Financial Results Highlight Steep Downturn (Image Credits: Pixabay)
Chicago – Archer Daniels Midland Co. posted a sharp decline in fiscal 2025 earnings, driven primarily by plummeting crush margins and persistent U.S. biofuel policy delays.[1][2]
Financial Results Highlight Steep Downturn
Net earnings for the year ended December 31, 2025, fell 60% to $1.08 billion, or $2.23 per share, from $1.80 billion, or $3.65 per share, in the prior year. Revenues dropped 6.2% to $80.27 billion from $85.53 billion.[1]
In the fourth quarter, net earnings decreased 20% to $456 million, or 94 cents per share, while revenues slid 14% to $18.56 billion. Adjusted earnings per share for the full year came in at $3.43, a 28% reduction.[2]
Company leaders pointed to external pressures beyond their control. “2025 was marked by a dynamic global trade landscape, and ongoing uncertainty around U.S. biofuel policy created a challenging operating environment for ADM,” said CEO Juan Luciano.[2]
Crushing Segment Suffers Massive Hit
The Ag Services and Oilseeds segment saw operating profit decline 11% to $1.61 billion. Within it, the Crushing subsegment endured the heaviest blow, with profits plunging 81% to $159 million from $844 million.[1]
Lower crush margins bore primary responsibility, compounded by reduced insurance proceeds from plant claims. ADM received $32 million in fiscal 2025 related to its Decatur East facility, down from about $76 million the previous year.[1]
Global trade disruptions and weaker North American soybean exports further pressured the Ag Services subsegment, where profits fell 11% to $636 million.
Mixed Segment Performance Offers Some Relief
Not all areas faltered. The Nutrition segment delivered an 8% increase in operating profit to $417 million, buoyed by flavors and a recovery in specialty ingredients.[3]
Animal Nutrition surged 66% to $98 million through a shift to higher-margin products. Human Nutrition dipped slightly 2% to $319 million, offset by insurance reductions.
- Carbohydrate Solutions: Operating profit down 12% to $1.21 billion, with Starches and Sweeteners falling 21% due to softer demand and high corn costs in Europe, Middle East, and Africa.
- Refined Products and Other: Down 4% to $290 million on weaker refining margins.
- Overall segment operating profit: Declined 23% to $3.24 billion.

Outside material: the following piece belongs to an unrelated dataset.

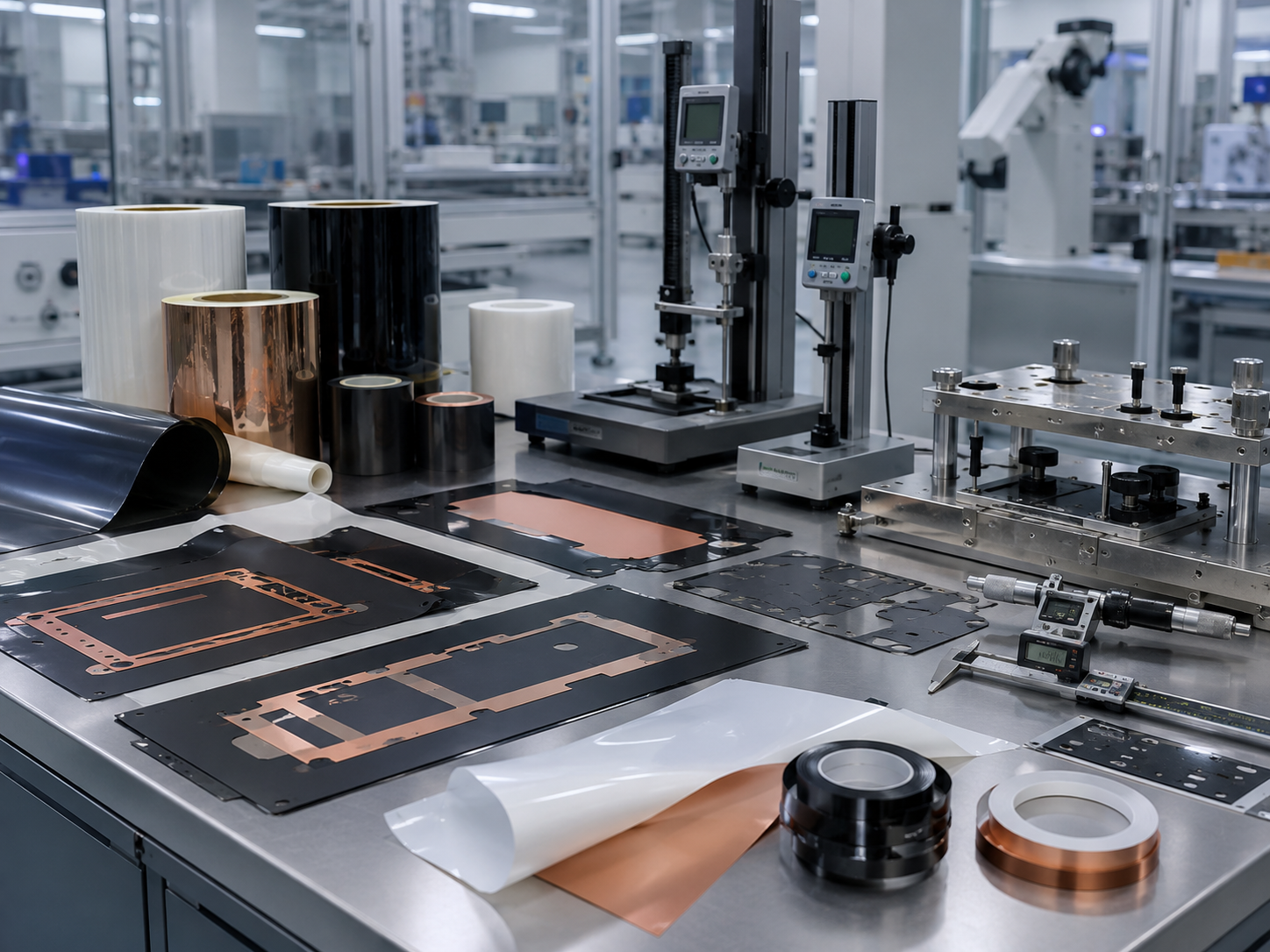 Image Description: Realistic factory quality inspection scene showing finished die cut PET insulation films, adhesive-backed insulation frames, release liner sheets, digital calipers, optical inspection equipment, protective packaging, and organized OEM production trays. No battery cells, battery modules, text, labels, logos, arrows, or icons. Image width: 1600–1920 px. Target file size: 100–200 KB.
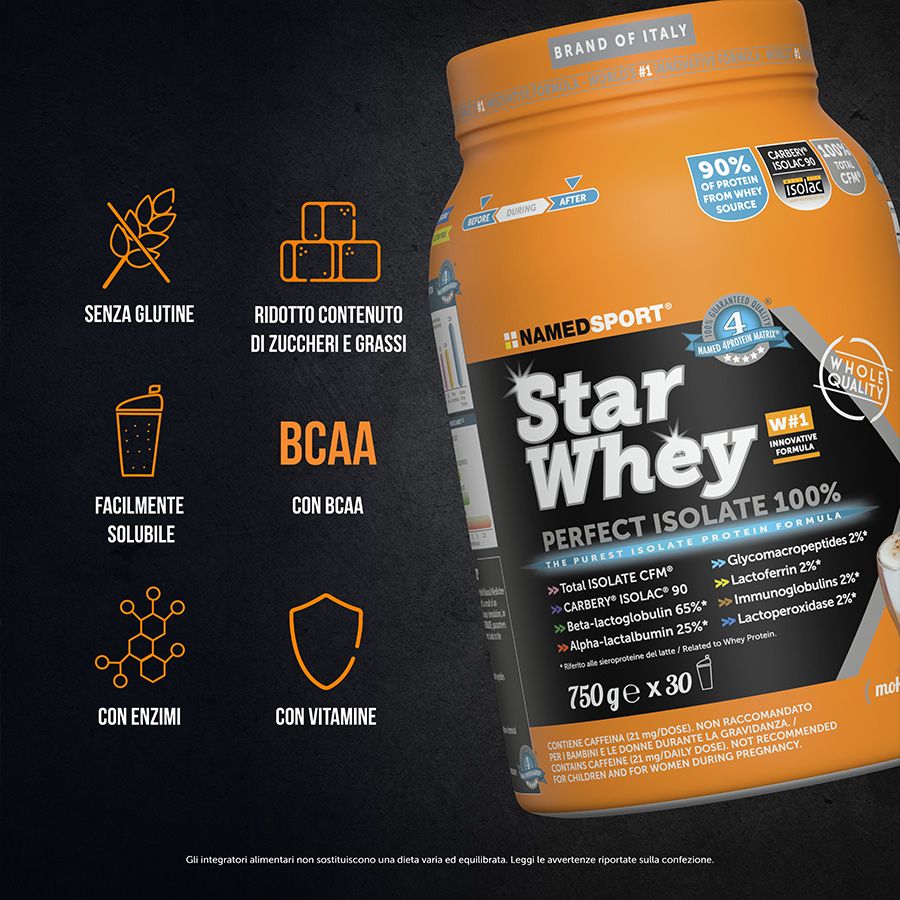 Named Sport - Star Whey Isolate Gusto Mokaccino Cream 750 g - Proteine Del Siero Del Latte Isolate In Polvere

2026 Outlook Ties to Policy and Demand Shifts
ADM projected adjusted earnings per share of $3.60 to $4.25 for fiscal 2026. The low end accounts for ongoing biofuel policy delays and flat crush margins, while the high end anticipates margin expansion, efficiency gains, and robust demand.[2]
CFO Monish Patolawala emphasized renewable volume obligations guidance timing as pivotal. Progress in China trade relations could aid the Ag Services and Oilseeds business, Luciano added.[1]
The company raised its quarterly dividend 2%, extending 53 years of consecutive increases, and targets $500 million to $750 million in cost savings over three to five years.
ADM’s resilience in nutrition underscores potential amid volatility, but biofuel clarity remains key to rebounding crush profitability. Investors watched shares slide post-earnings on the cautious guidance.[3]
Key Takeaways
- Crush margins drove an 81% profit drop in the segment, highlighting biofuel policy risks.
- Nutrition grew 8%, signaling strength in flavors and animal feed.
- 2026 EPS range of $3.60–$4.25 hinges on policy resolution and demand recovery.